THE DATA:

■ ■ ■ ■

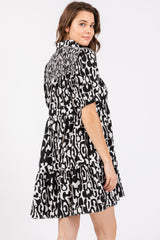 Black Printed Collared Tiered Dress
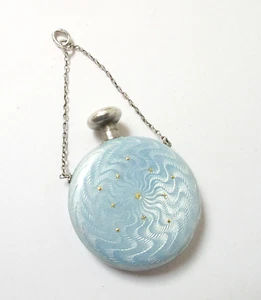 Antiguo Colgante Botella Perfumista Azul Claro Guilloche Oro Estrellas AF - Imagen 1 de 5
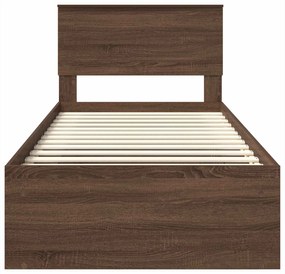 vidaXL Σκελετός Κρεβατιού Καφέ δρυς 90 x 200 cm Επεξεργασμένο ξύλο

■ ■ ■ ■

PROBLEM: Could you print the whole listing again, exactly, leaving the pictures out?

YOUR RESPONSE:
 Black Printed Collared Tiered Dress
 Antiguo Colgante Botella Perfumista Azul Claro Guilloche Oro Estrellas AF - Imagen 1 de 5
 vidaXL Σκελετός Κρεβατιού Καφέ δρυς 90 x 200 cm Επεξεργασμένο ξύλο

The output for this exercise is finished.